Preparing Your Child to Go Back to In-Person School
Who could have foreseen that the world we knew and lived in would be upended so drastically?
The COVID-19 pandemic has changed the way we lead our day-to-day lives and bombarded us with new social norms, giving way to the new normal– lockdowns, frequent sanitizing, social distancing, wearing masks, work from home and online learning.
Of all the ways the pandemic disrupted life, school education was one of the worst hit. Classrooms became virtual screens, and in-person learning became non-existent overnight. For almost two years since the pandemic, children were removed from the physical environs of their schools. Face-to-face interactions with classmates and teachers, development of social and emotional skills, learning of arts and sports also took a back seat, all of which made it all the more clearer how important in-person schooling really is. Not to mention, screentime became a given, through school, and as an avenue to keep them busy, since helpless caregivers may be working from home.

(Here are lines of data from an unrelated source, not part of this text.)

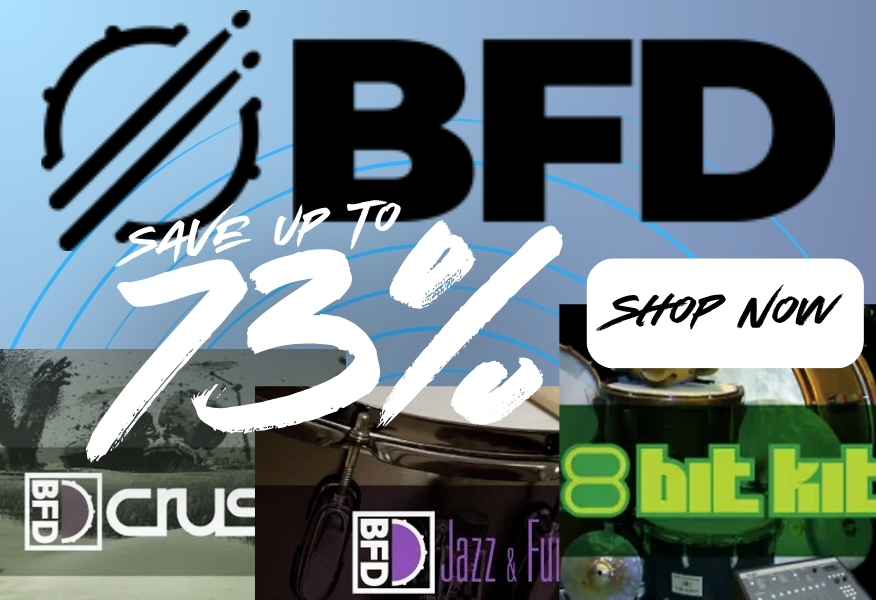 BIGGEST BFD SALE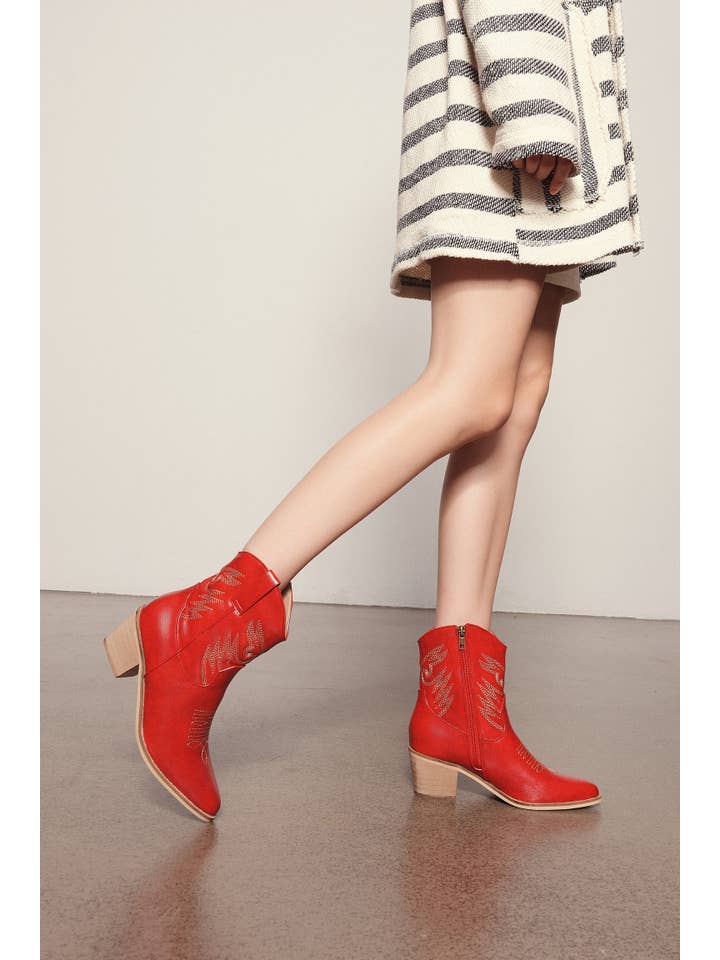 Miracle Miles (Mi.iM) - Wholesale Cowboy Boots - Women's - CASEY - Bootie7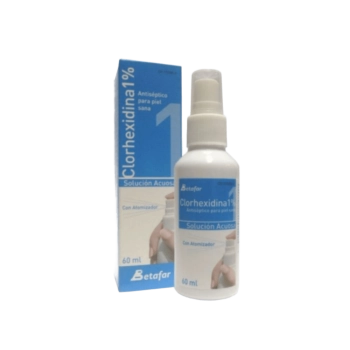 Clorhexidina Acuosa Betafar Clorhexidina Acuosa Betafar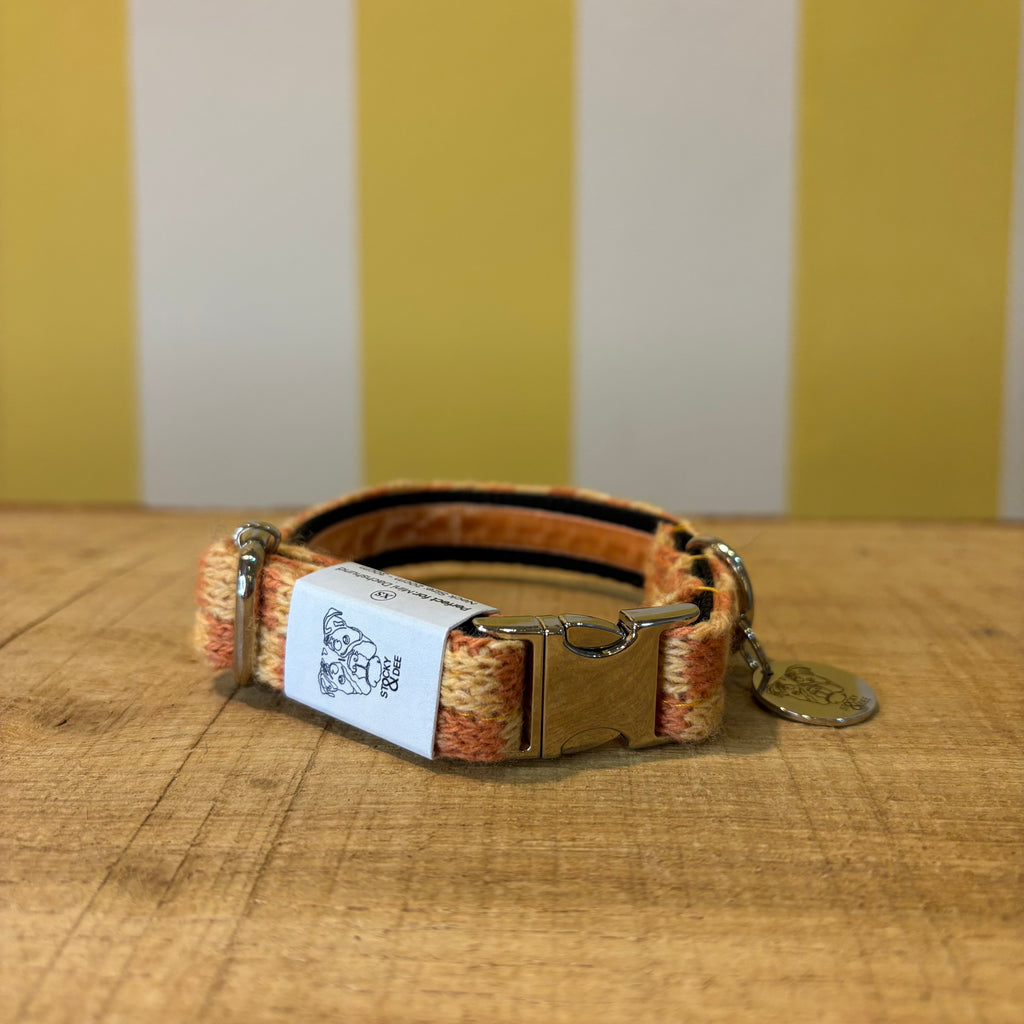 Stocky & Dee Standard Handmade Collar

Recently many schools in the country have begun re-opening in a phase-wise manner; the move is welcomed, but met with a lot of concerns from caregivers. The worries are not misplaced since a large populace still remains unvaccinated and inoculation of children awaits a go ahead from the public health department.
The bigger, yet less talked about concern is, how do we help kids prepare to return to in-person school. A child at home with a laptop is, in effect, the only child in class. 2 years of this, plus being in the comfort of one’s own home, and not having any interaction with peers, positive ones like playing and sharing, not so positive ones like fights and spats, not so much of use of masks and distancing.. It's quite a responsibility we are putting on these kids!
So how do we prepare the kids mentally for the transition back to school?
Don’t expect a change overnight
The child has been in a protective bubble, at home, with caregivers for almost 2 years now. Some resistance to being 1 among many kids in class, and some resentment for no longer getting that attention level from authority figures is expected, and normal. Talk to them about it, focus on the positives (like having lunch with their friends).
Show them reality of the pandemic, and use it reinforce good habits
This is applicable to slightly older children. Please help them understand the infectious nature of the virus, how it spreads, and it’s mutations. Make it a science lesson. Use this to reinforce habits like handwashing, safe distancing, mask wearing etc.
Keep communication channels open to help with anxiety
Children can have many anxieties around new rules, reflecting their caregiver’s misgivings, the dangers of the virus and of catching the infection. Be honest and calm about the reality of the infection, and be the correct source of your child’s information. Monitor channels of communication that may indulge in scaremongering. Ask your child how they are feeling, and to be open about their fears. Be their safe space.
Image courtesy NUH
Get back into routine
Nothing works better than to get back into the school routine. Wake up at the designated time, breakfast, studies, lunch, some playtime or activities, homework, dinner and sleep. Children thrive on routine. A routine, some sense of stability will help them feel supported in these wild times.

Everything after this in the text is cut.